Start of INPUT DATA
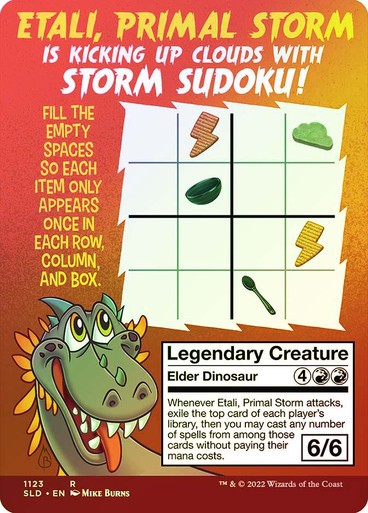 FOIL Etali, Primal Storm ~ Secret Lair [ NM ] [ Magic MTG ]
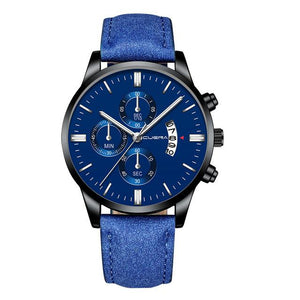 2019 relogio masculino watches men fashion Sport box stainless steel leather band watch Quartz business wristwatch reloj hombre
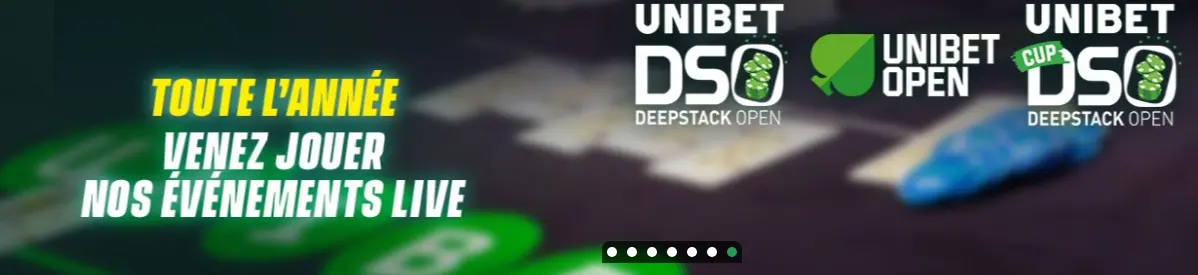 Inscription et connexion UNIBET CASINO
End of INPUT DATA
> ACTIVITY
Every line of the material above must be written out exactly, with no pictures.

> ANSWER BELOW
 FOIL Etali, Primal Storm ~ Secret Lair [ NM ] [ Magic MTG ]
 2019 relogio masculino watches men fashion Sport box stainless steel leather band watch Quartz business wristwatch reloj hombre
 Inscription et connexion UNIBET CASINO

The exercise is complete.